Lit candle causes fire at Gramercy GreenPosted on November 18, 2012 | by Tatiana Baez
Students living in Gramercy Green residence hall were evacuated at approximately 8 p.m. on Saturday after a fire broke out on the sixth floor. A seemingly harmless lit candle resulted in fire, smoke and water damage that affected several dorm rooms as well as the HSBC bank located on the first floor of the dorm.
One student suffered minor burns after attempting to put out the fire and was taken to the hospital. Overhead sprinklers in the rooms were activated and eventually extinguished the fire with the help of building staff, who used fire extinguishers.

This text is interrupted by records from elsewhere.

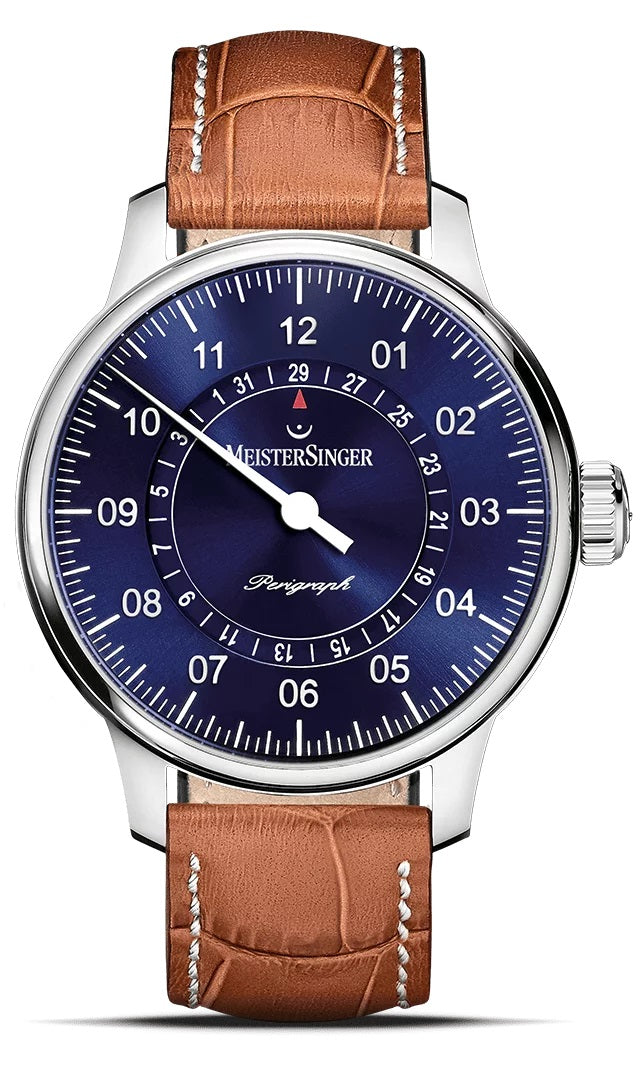MeisterSinger Perigraph Watch | Croco Print with White Stitching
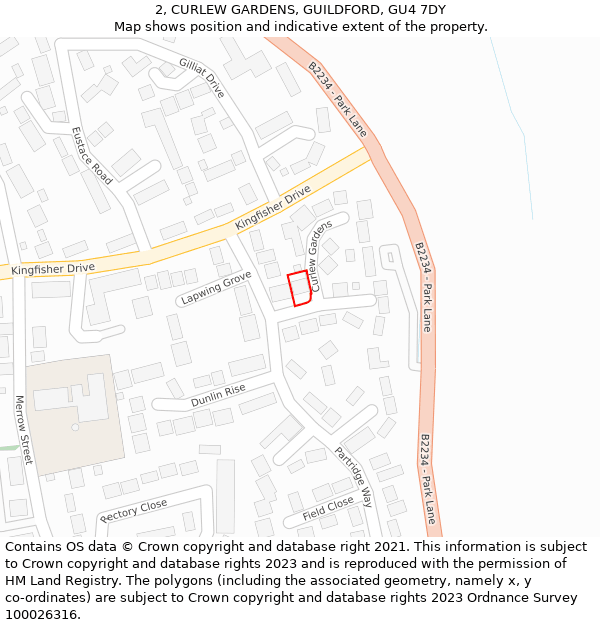 2, CURLEW GARDENS, GUILDFORD, GU4 7DY: Location map and indicative extent of plot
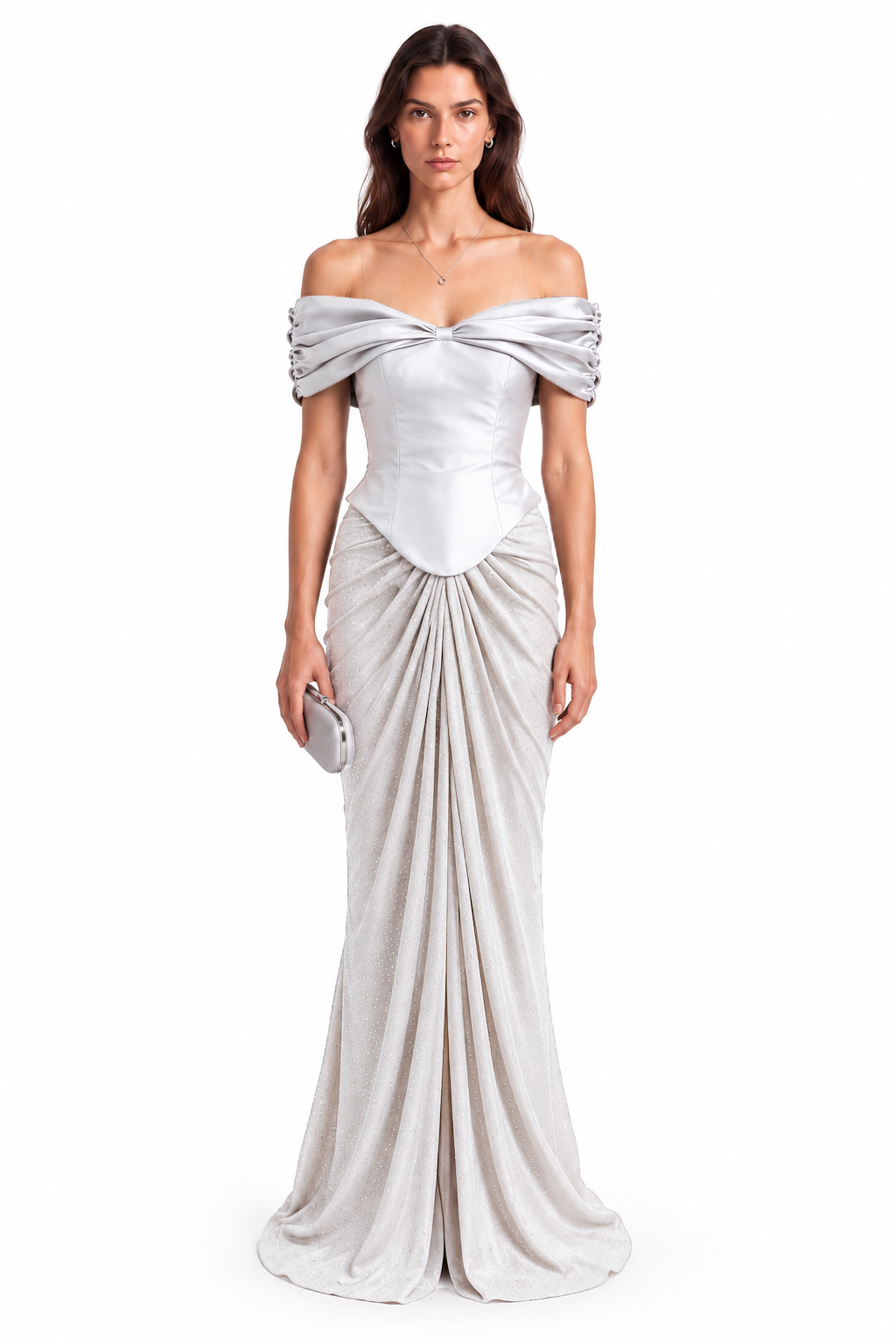 "Dana" Bow Off Shoulder Gown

“We should take last night’s incident as a lesson,” said NYU vice president for public affairs John Beckman. “For that reason, we want to remind students again that candles are strictly prohibited.”
The water damage has mostly been repaired after university employees utilized wet vacuums and air blowers. Water build-up also cause ceiling tiles in the HSBC bank located beneath Gramercy to erode and fall to the ground. The same university employees were able to wet vacuum the floor and clean the fallen ceiling tile inside the bank.
Daniel Walsh, a Steinhardt sophomore and Gramercy resident, said students exited the building after the smoke set off alarms.
“I think it freaked everybody out in Gramercy,” Walsh said. “Everyone always says not to light candles, but sometimes I think we forget that there can be really serious repercussions.”
Most of the damage has been repaired, but the university is still working to restore the room where the fire started. However, the entire dorm is fully accessible.
In an email to the university, Marc Wais reminded students that the incident provied the severity of fire within dorm rooms and reminded the student body that students will face disciplinary action if caught using candles in the residence halls.
“Candles have proven to be a tremendous fire safety danger in college dorms. Residents have a responsibility both to themselves and to fellow residents to avoid this hazard — don’t use candles, and don’t permit others to use candles,” said Wais. “To be clear: we will take disciplinary action against those who use candles in the residence halls.”